A few days ago I sent an email to Chad Dickerson, who I’ve met at Yahoo! and had a chance to hang out with at Mashup Camp in Dublin.
Chad,
From what I can tell, if you create a Pipe and add additional fields (Shortcuts, Term Extraction), the only way to get to them in an API-like way is to use the JSON renderer. The RSS renderer removes those extra fields to follow the RSS spec. PHP supports JSON decoding, but you need a PEAR library or a quite recent version of PHP. If Yahoo supported serialized php with Pipes like you do with the other common API’s, it would be a lot easier for folks on shared hosting to work with Pipe data on the server side. I imagine with the new badge stuff you released that there’s a push to keep things client side, but there’s a huge advantage to rendering server-side to keep things nice and spiderable.
Short Version:
Expose Pipe results as serialized PHP. Pretty please.
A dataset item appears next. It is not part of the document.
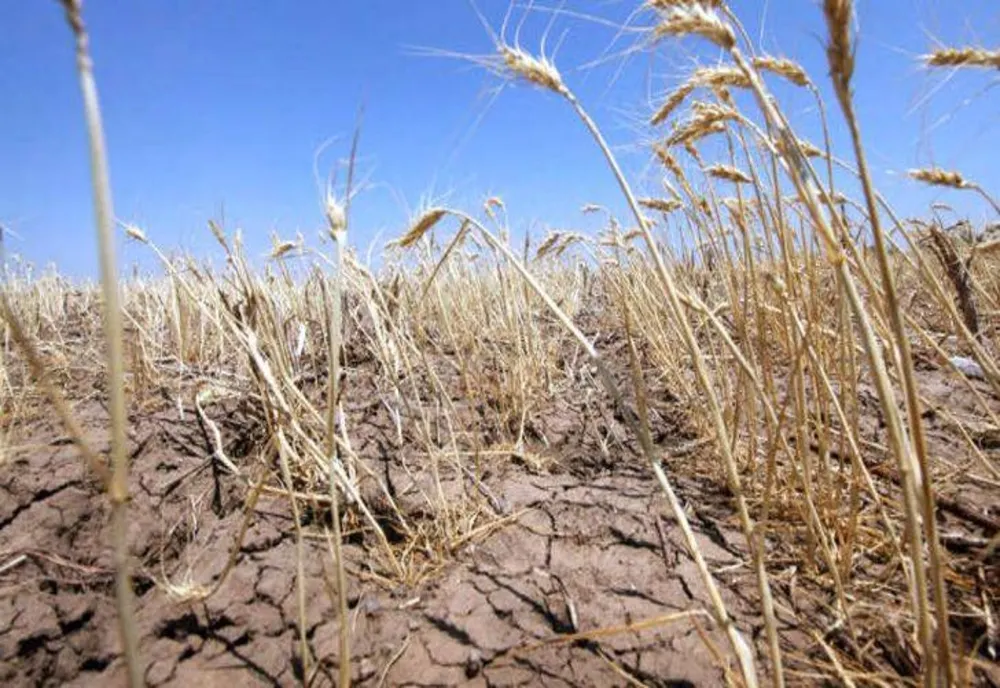 Efectele secetei, devastatoare în România. Suprafața afectată a crescut la peste un milion de hectare de teren agricol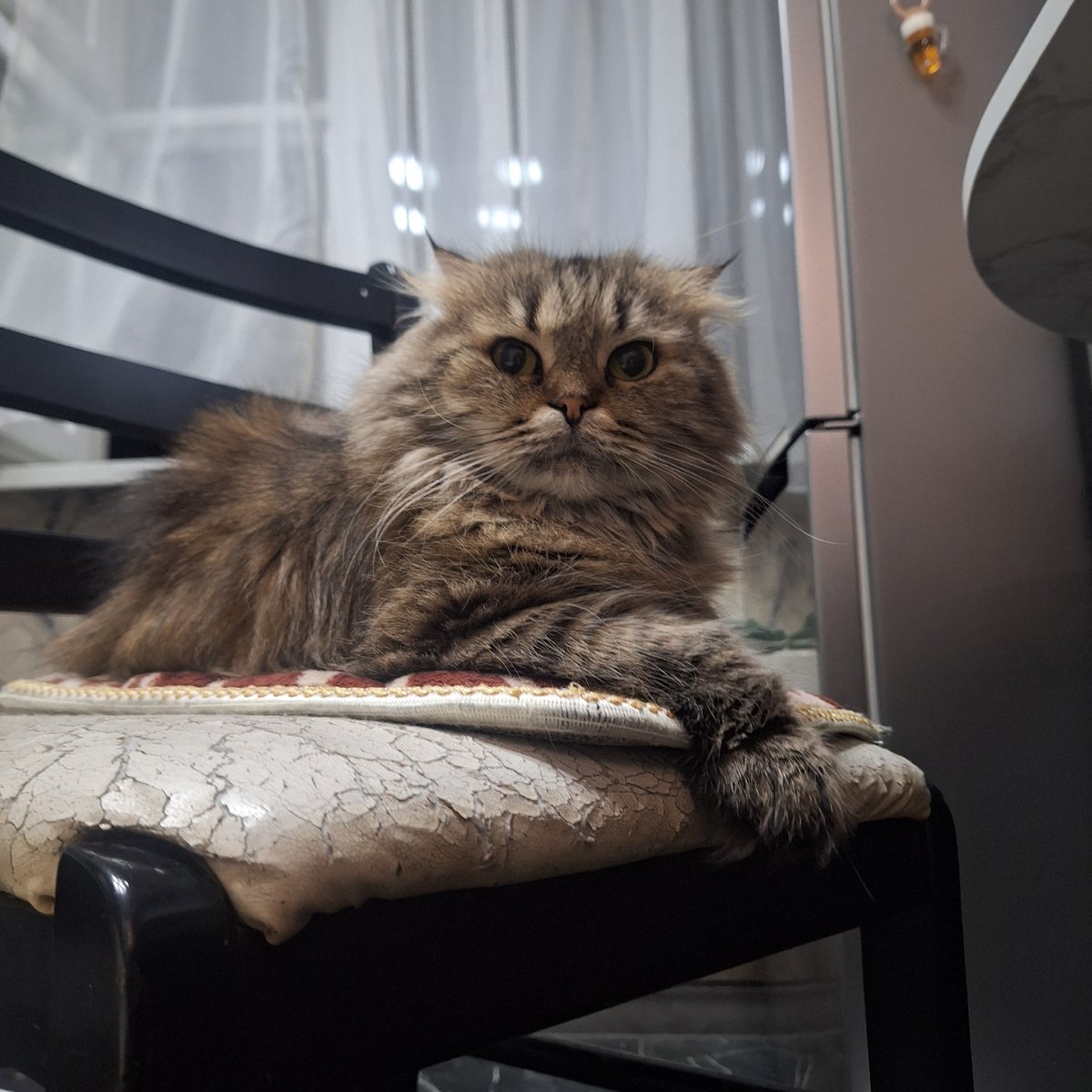 Fluffy cat spotted on worn chair in Moscow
Chad sends this along to the Pipes team, and less than three days later:
Pipes Blog » Blog Archive » New Yahoo Pipes PHP serialized output renderer
kick.
ass.
Two points to be made: first, I’m damn impressed that one of the largest sites on the ‘net would roll a feature request from an outside developer in less than three days. Second, developers should never resist the urge to ask for help from an API provider. If a company is taking the time to support an API, chances are very good that they will listen to developers and react. I can personally say I’ve gotten immediate results from Technorati, Dapper, and now Yahoo!. So blow off the idea that a big website would never listen to little ol’ developer you. With that negative attitude it’s guaranteed you’ll never get it. Ask, believe, receive, right?
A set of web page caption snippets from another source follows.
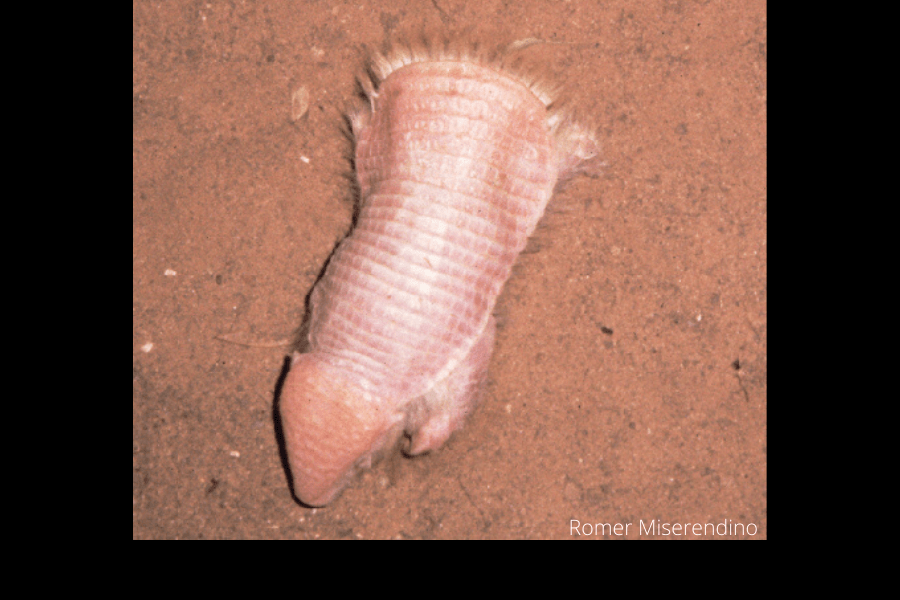 Greater Fairy Armadillo Calyptophractus retusus 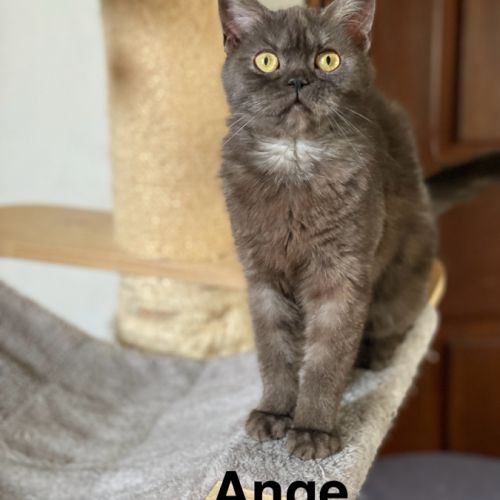 Adorable chaton scottish fold & straight #7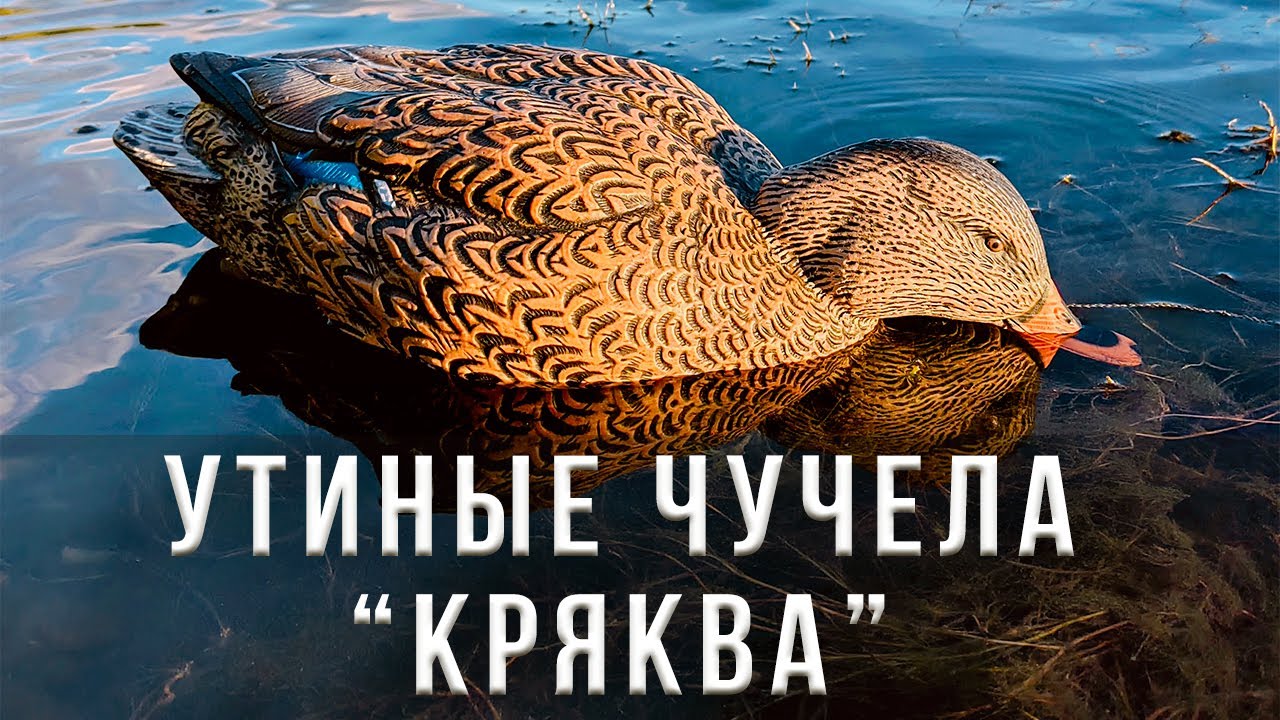 Утиные чучела 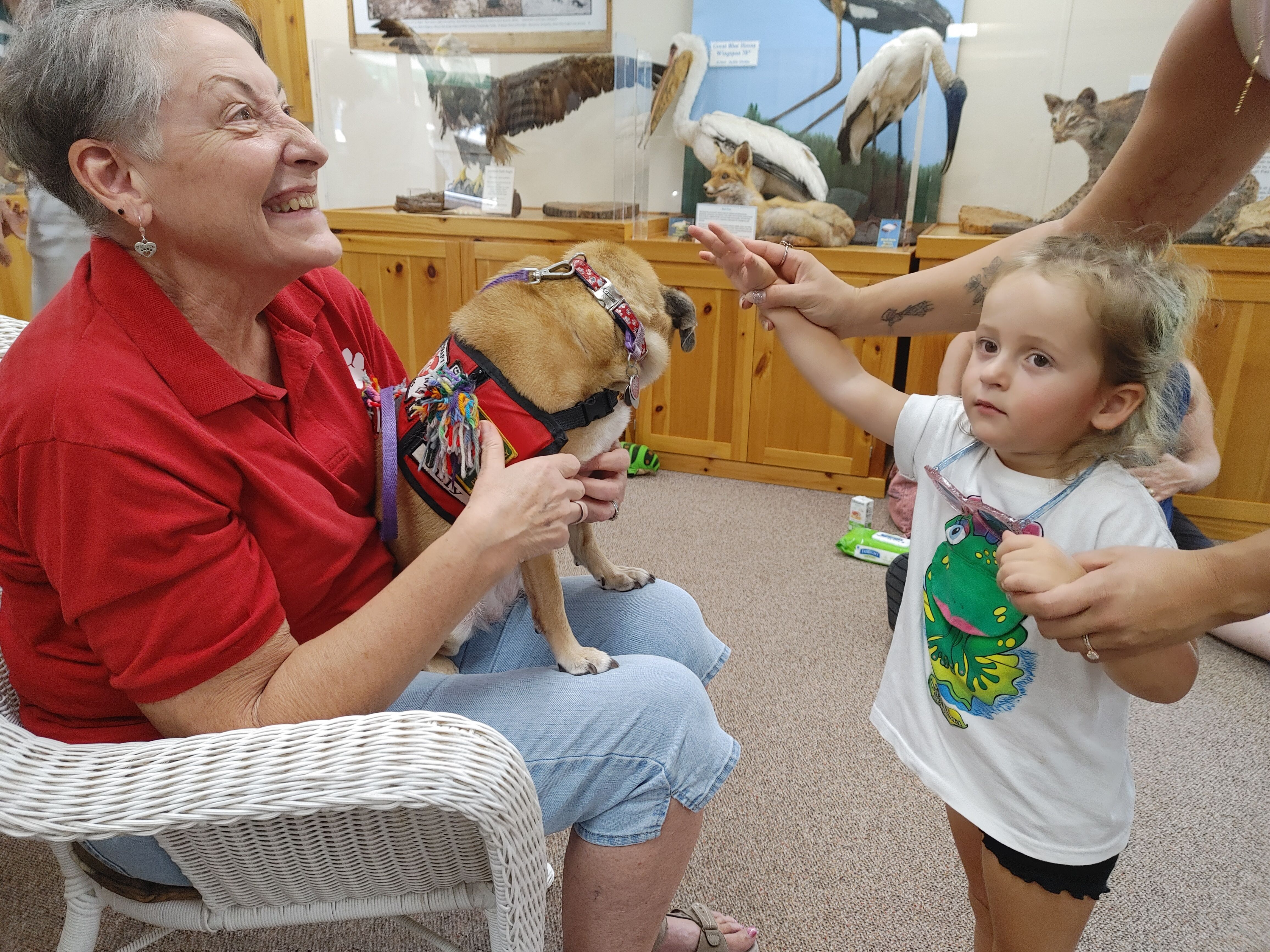 February 25, 2026 PAWS Dogs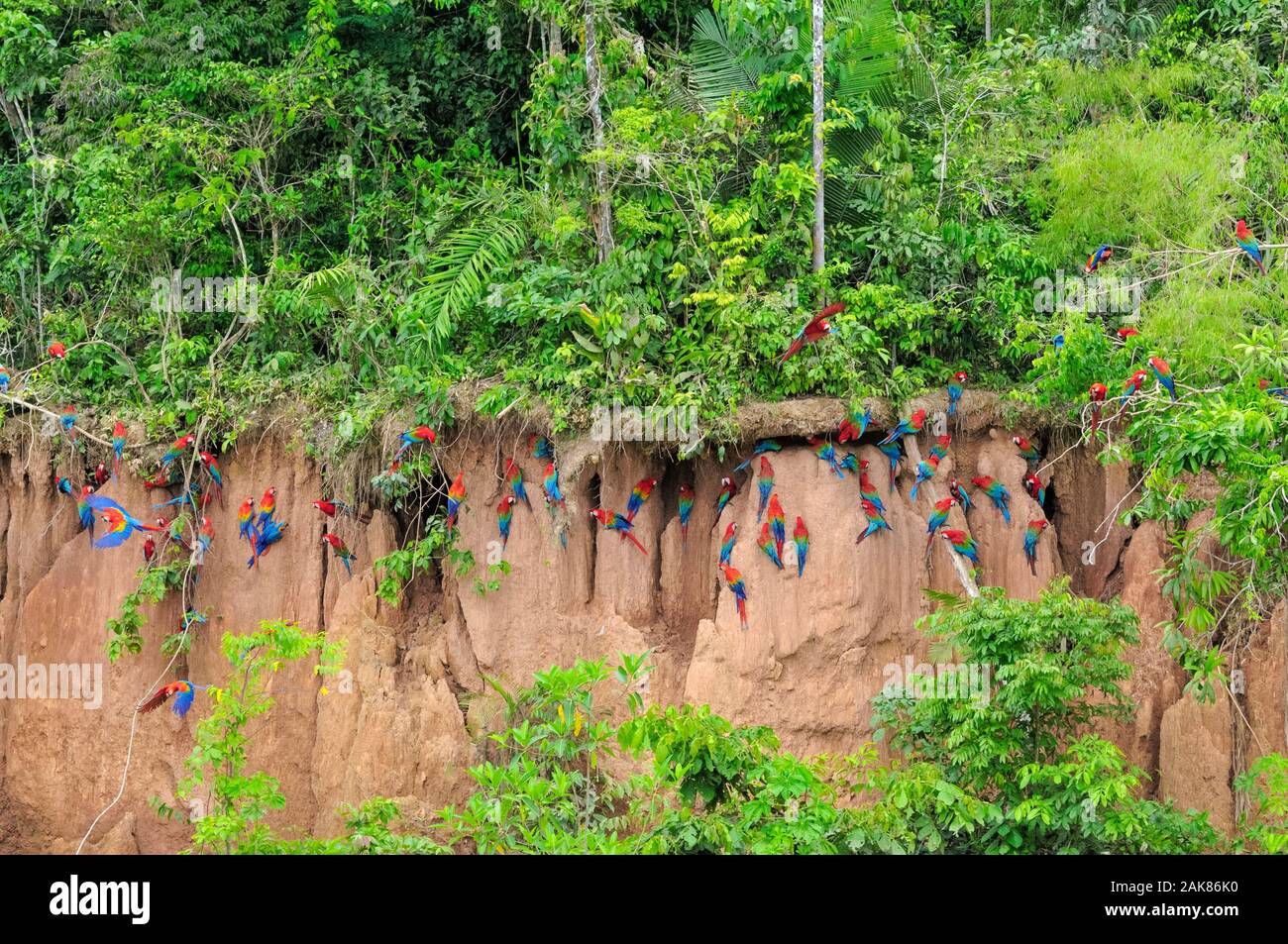 scarlet macaw, Ara macao, red-and-green macaw, Ara chloropterus, and blue-and-yellow macaw, Ara ararauna, on clay lick, Tambopata National Reserve, Ma Stock Photo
So props to Chad, Jonathan Trevor, Paul Donnelly, and the rest of the Pipes team!
The Details
I’m a big fan of Yahoo Pipes. It’s an incredibly useful tool for putting together quick aggregators and filters for mashups. To integrate a Pipe on a webpage, you have a few options. You can go the cut and paste route and use a Badge, which works client side, or you roll your own code to integrate a pipe.
After you run a Pipe, you’re given a list of output formats. Copy the link location of these to get the URL of the output and tweak the parameters.
Until yesterday, the output formats useful for mashups were JSON and RSS. JSON is great for client side mashups, but as you know, search engines will not index client side content, so you lose any SEO love you might get. RSS is easy to consume server side, but Pipes will normalize the output to conform to the RSS spec. That means if you’re using term extraction or Shortcuts or any other meta data to your pipe, you’ll lose it with RSS ouput unless you put that data into one of the RSS fields (title, description, etc.). So that leaves us with hacking JSON on the server side. The JSON output format retains all that sweet metadata. In PHP, the best options are a JSON PEAR module or, if you’re rocking 5.2 and above, you have the handy json_decode() function.
Now that Yahoo supports serialized PHP, using Pipe output just got a lot easier. I made a Pipe to add Term Extraction info from any RSS feed. Basically what we’re doing is automatically tagging all the posts in the feed and to retrieve the tags in your own script, all it takes is:
<?
$pipeURL = ‘http://pipes.yahoo.com/pipes/pipe.run?_id=Zli1l6UB3RG_l7ZvX0sBXw&_render=php&rssurl=‘;
$feedURL = ‘http://rss.news.yahoo.com/rss/topstories‘;
$tags = array();
$response = unserialize(file_get_contents($pipeURL.rawurlencode($feedURL)));
foreach ($response[‘value’][‘items’] as $item) {
foreach ($item[‘tags’] as $itemTags){
$tags[] = $itemTags[‘content’];
}
}
var_dump($tags);
At this point $tags is and array of all of the terms from the feed. Now what could be done with that data?
Serialized PHP or JSON?
If you have json_decode() available in your PHP install, is there any advantage to using JSON over serialized PHP? Let’s find out.
File Size
Saving the output directly to disk gave me
JSON – 51192 bytes
Serialized PHP – 56885 bytes
Because of syntax and PHP’s type specification, serialized PHP is about 11% larger than JSON. This ratio will increase as the number of elements in your output increases.
Decoding Speed
How long does it take to slurp these formats into PHP variables? My tests decode each 100 times.
JSON
real 0m0.269s
user 0m0.264s
sys 0m0.004s
Serialized PHP
real 0m0.088s
user 0m0.088s
sys 0m0.000s
It’s clear that unwinding serialized PHP is faster than JSON, so it’s a better choice performance-wise despite being slightly bigger over the wire.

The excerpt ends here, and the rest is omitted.